(INPUT RECORDS)

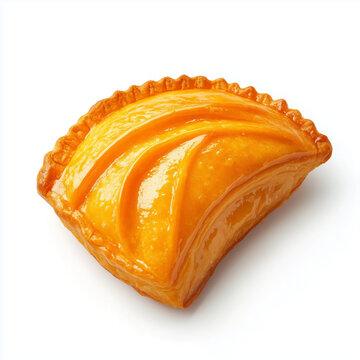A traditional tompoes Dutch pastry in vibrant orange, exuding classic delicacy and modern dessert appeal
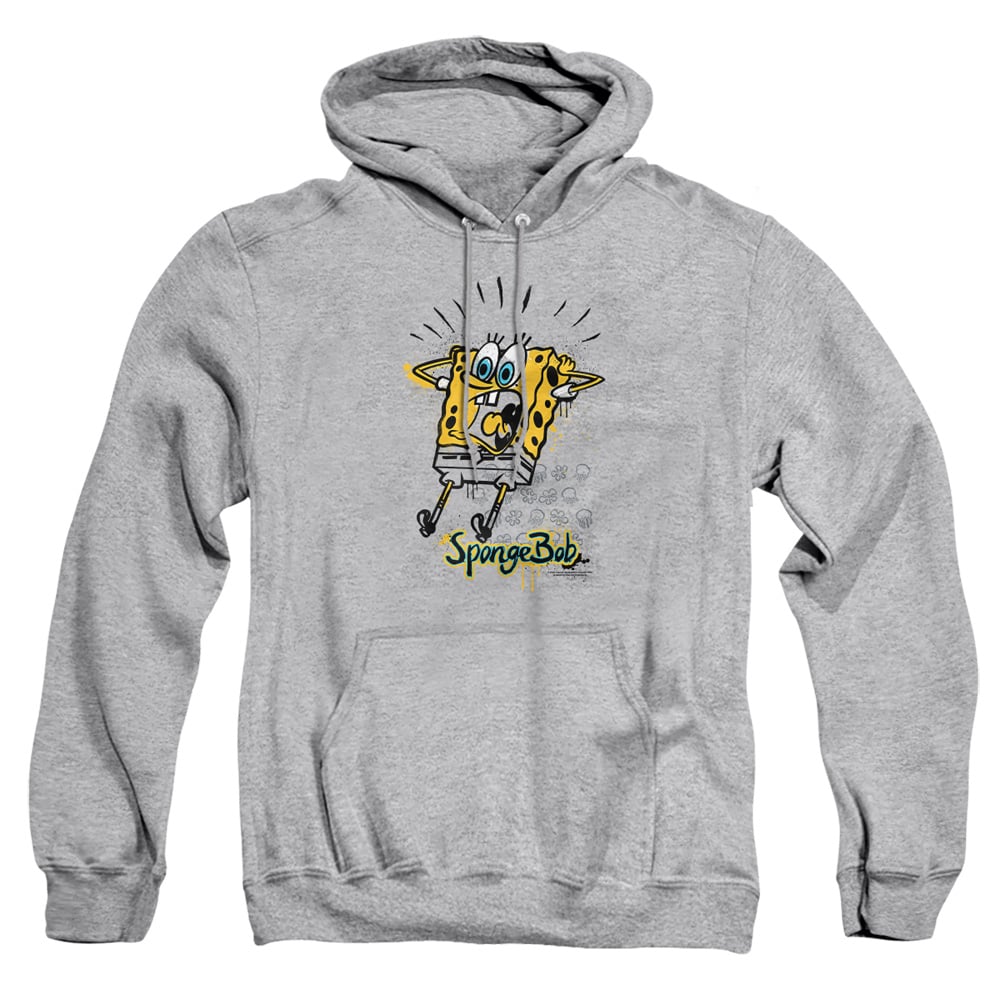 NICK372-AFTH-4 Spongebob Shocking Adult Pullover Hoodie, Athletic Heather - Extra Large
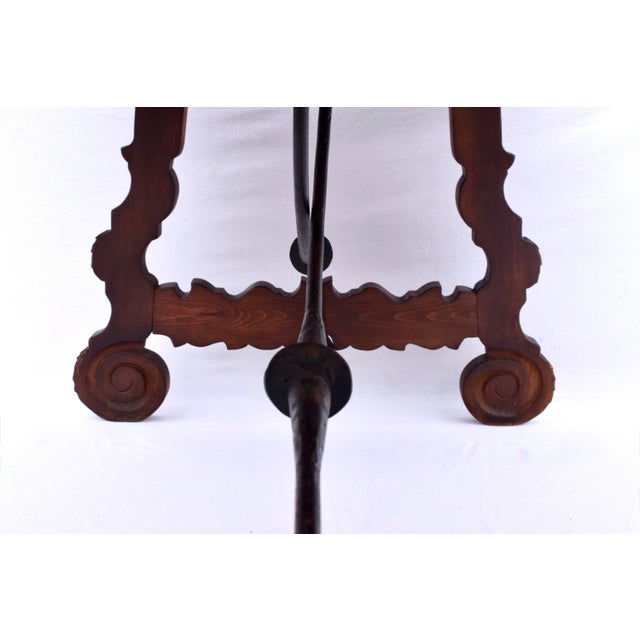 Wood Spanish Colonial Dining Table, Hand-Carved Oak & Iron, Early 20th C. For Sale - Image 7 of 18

(End INPUT RECORDS)
(INPUT RECORDS)

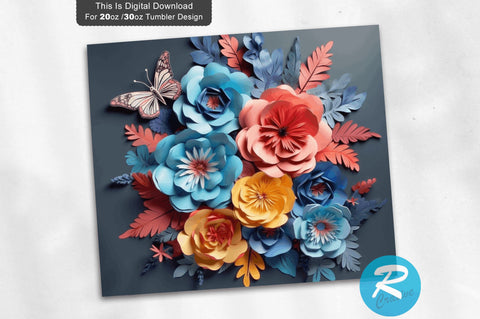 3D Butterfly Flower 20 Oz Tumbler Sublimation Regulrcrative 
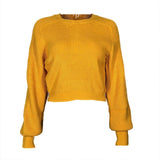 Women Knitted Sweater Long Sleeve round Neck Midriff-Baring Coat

(End INPUT RECORDS)
(INPUT RECORDS)

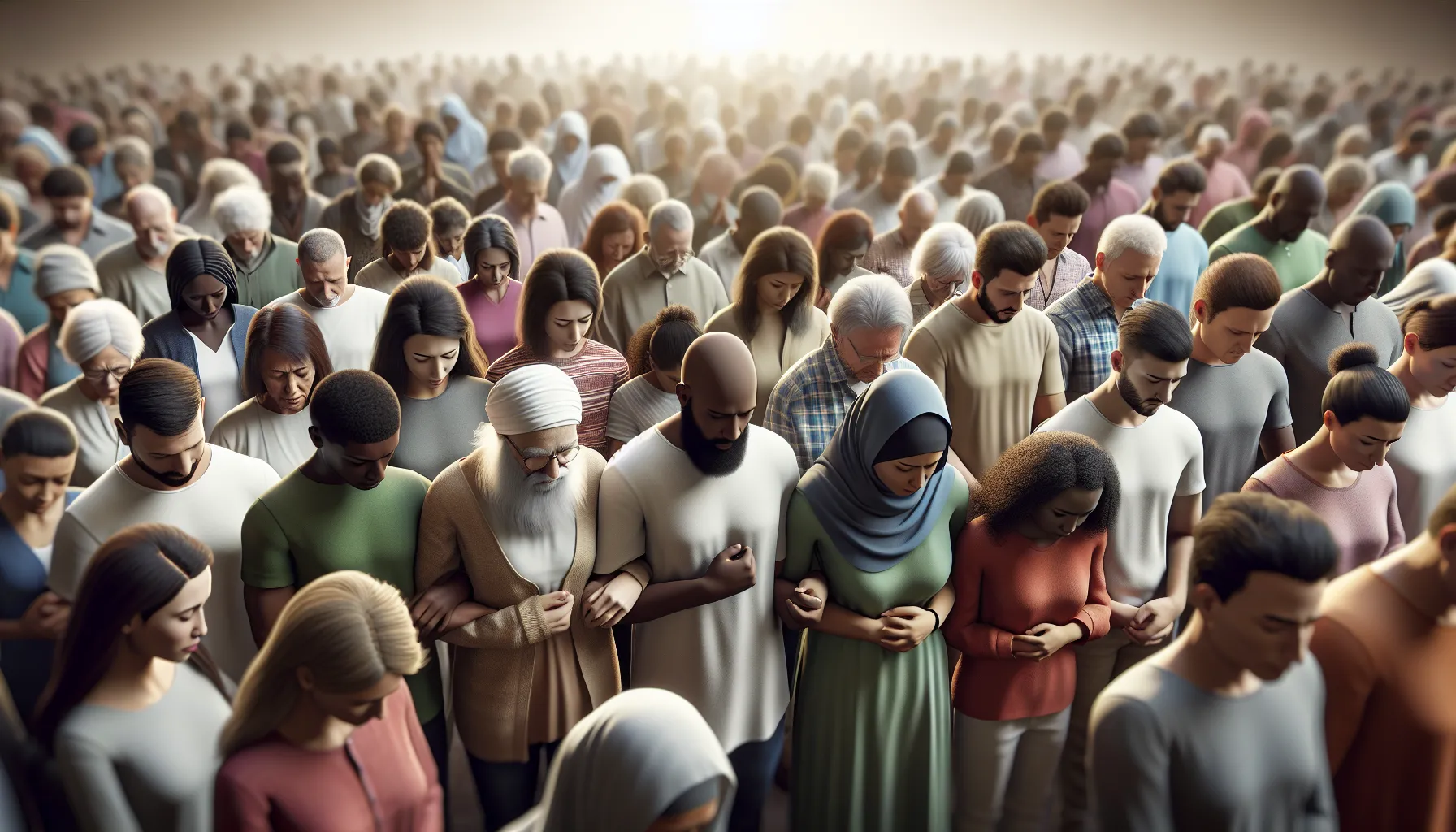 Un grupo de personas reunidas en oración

(End INPUT RECORDS)

## DESCRIPTION OF THE TASK
Everything above from the line with "A traditional tompoes" through the line with "Wood Spanish Colonial" should be retyped exactly, and nothing else; omit pictures.

## TASK RESPONSE
A traditional tompoes Dutch pastry in vibrant orange, exuding classic delicacy and modern dessert appeal
 NICK372-AFTH-4 Spongebob Shocking Adult Pullover Hoodie, Athletic Heather - Extra Large
 Wood Spanish Colonial Dining Table, Hand-Carved Oak & Iron, Early 20th C. For Sale - Image 7 of 18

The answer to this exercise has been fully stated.